_YOUR GOAL_. Given these entries, repeat exactly the lines starting with the one that has "Slowly move the" and going on through the one that has "Immunohistochemistry of paraffin-embedded", both included, but none of the pictures.

_THE DATA_.
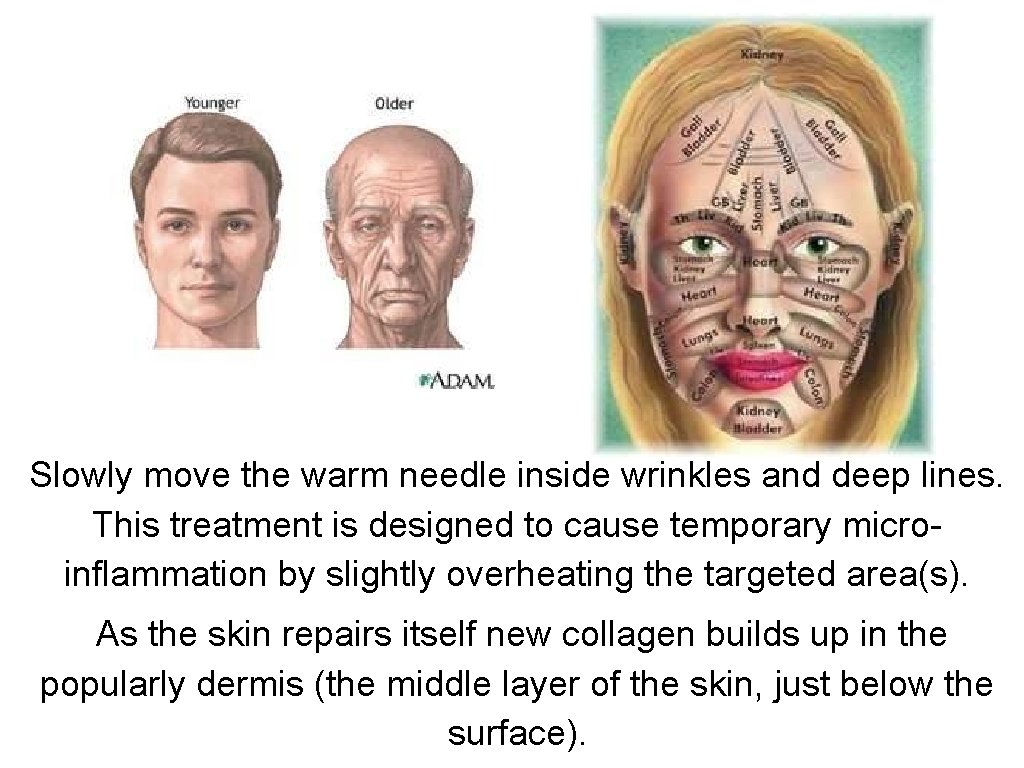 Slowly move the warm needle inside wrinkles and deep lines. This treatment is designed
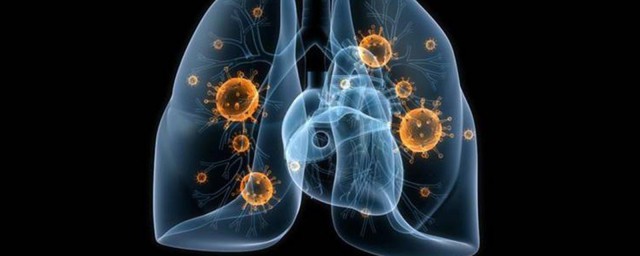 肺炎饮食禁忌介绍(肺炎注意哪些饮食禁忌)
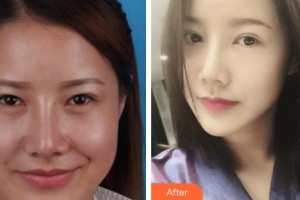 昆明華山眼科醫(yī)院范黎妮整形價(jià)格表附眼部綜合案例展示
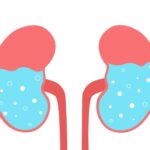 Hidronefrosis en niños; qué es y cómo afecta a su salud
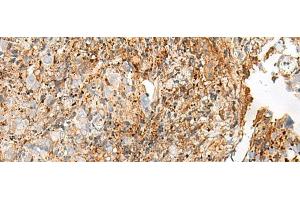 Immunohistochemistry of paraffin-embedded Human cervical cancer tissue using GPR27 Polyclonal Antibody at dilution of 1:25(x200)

* * *

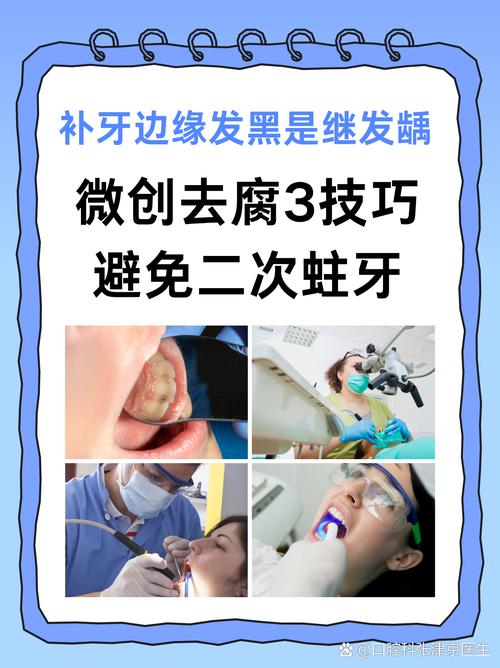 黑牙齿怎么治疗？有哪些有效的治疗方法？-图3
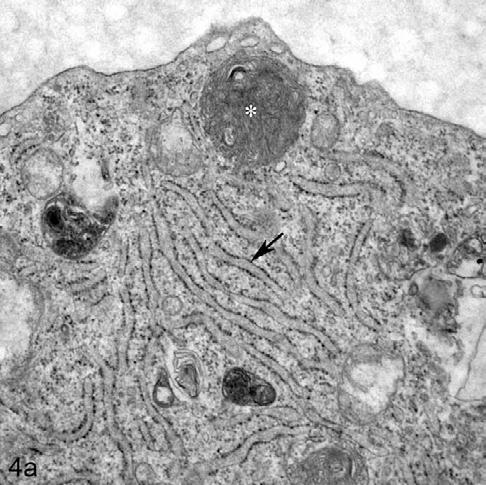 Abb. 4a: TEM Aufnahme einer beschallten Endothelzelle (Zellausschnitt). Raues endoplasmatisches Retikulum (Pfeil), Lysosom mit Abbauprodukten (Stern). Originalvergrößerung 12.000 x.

_FINISHED EXERCISE_.
 Slowly move the warm needle inside wrinkles and deep lines. This treatment is designed
 肺炎饮食禁忌介绍(肺炎注意哪些饮食禁忌)
 昆明華山眼科醫(yī)院范黎妮整形價(jià)格表附眼部綜合案例展示
 Hidronefrosis en niños; qué es y cómo afecta a su salud
 Immunohistochemistry of paraffin-embedded Human cervical cancer tissue using GPR27 Polyclonal Antibody at dilution of 1:25(x200)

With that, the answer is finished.